Author Topic: New Trojan???  (Read 25905 times)

0 Members and 1 Guest are viewing this topic.

TypeX

  • Guest
Re:New Trojan???
« Reply #30 on: May 22, 2004, 11:55:44 PM »
No, you MUST schedule a pre-boot scan - this scan will start before the operating system loads.  It doesn't have to be in safe mode; the only reason I mentioned safe mode was because it was the method that I used to trigger the pre-boot scan.  

Tango

  • Guest
Re:New Trojan???
« Reply #31 on: May 23, 2004, 10:35:00 PM »
I too had the same problem ! It kept coming back , the notepad.exe and the win32:Trojan-090[TRJ] ! Newsflash this is the same virus that Symantec has except its called Download.Trojan . This virus is memory resident as well!

Somebody stated correctly with Avast that you need to run a "scheduled" boot scan , this will find the Trojano and give you the option to delete it .

It is in fact the same virus , once I scanned with there online scanner, and Pandas the exact same file came up on both there scans and Trojano came up on Avast

Here is some additional information from Symantec on the "download.trojan" :

Download.Trojan connects to the Internet and downloads other Trojan horses or components.

 
Variants:  Trojan Horse
Type:  Trojan Horse
Infection Length:  varies
 
 
 
Systems Affected:  Windows 95, Windows 98, Windows NT, Windows 2000, Windows XP, Windows Me
Systems Not Affected:  Macintosh, UNIX, Linux
 


Download.Trojan does the following:

Goes to a specific Web or FTP site that its author created and attempts to download new Trojans, viruses, worms, or their components.
After the Trojan downloads the files, it executes them.

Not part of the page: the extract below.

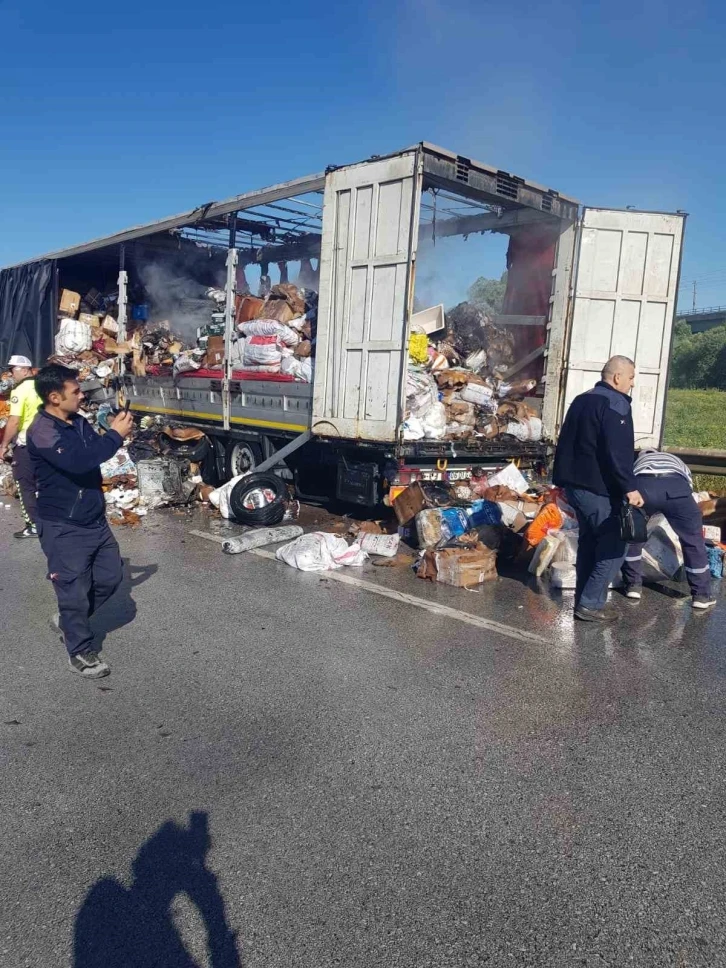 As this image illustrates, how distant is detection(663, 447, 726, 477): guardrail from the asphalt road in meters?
4.12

Disable System Restore (Windows Me/XP).
Update the virus definitions.
Restart the computer in Safe mode (Windows 95/98/Me/2000/XP) or VGA mode (Windows NT).
Run a full system scan and delete all the files detected as Download.Trojan.
Clear Internet Explorer History and files, if needed.

Av ery good point was mentioned "dis-able the system restore point" because if you dont do this , Microsoft copies everything , including virus data into the restore archive, thus you recaptured the virus and continue to let it replicate over and over again!